Deborah mustered up strength to respond to my mom, albeit with slurred speech. “I’m all worn out from being nice,” she said. “I’m ready to go home.” My mom and I exchanged a look, unsure if she was speaking metaphorically.
We left the hospital after the doctors cleared her to go. She was still experiencing delirium, but the nurses advised us that Deborah would likely fall asleep quite soon and stay asleep until her body had recovered somewhat. Indeed, she fell asleep the minute we helped her into the front seat of the car and barely woke up to transition to the bedroom. We guided her up the stairs and my mom tucked her in, just as she did for so many of her kids.

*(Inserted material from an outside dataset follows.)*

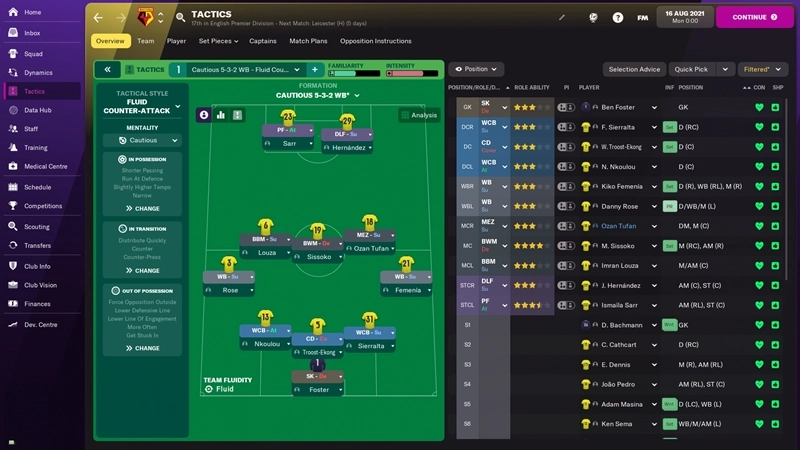 Buying and selling cheap Football Manager games (4)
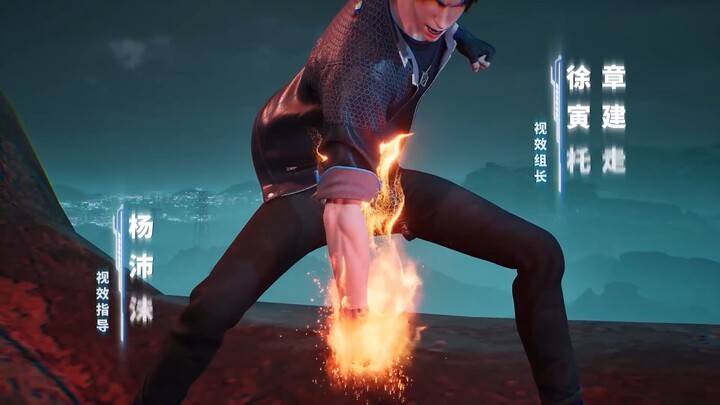 Eps 3 Transcend Evolusion sub indo FHD 1080p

After Deborah was situated in the bedroom, I beelined to the dark-wood spruce, seven-foot-long grand piano. The regal piece of furniture took up a quarter of the living room, and the notes I played echoed off the vaulted ceilings. I laid my back on the piano bench and lowered my head underneath the piano, so it hung down near the foot pedals. This position was comforting when I was young. It was a way that I escaped the chaos of all my siblings running around, bickering, fighting, or trying to get my attention. The world became just me and the piano.
I put my hands up on the keys and played Canon in D. Since I was upside down, I needed to cross my hands so that my left hand played the bassline, and my right the soprano. The musical pattern that repeats over and over until the end of the song sounds soothingly like a game of follow the leader. I repeated the notes, while keeping my eyes closed. When I played the piano, everything else melted away.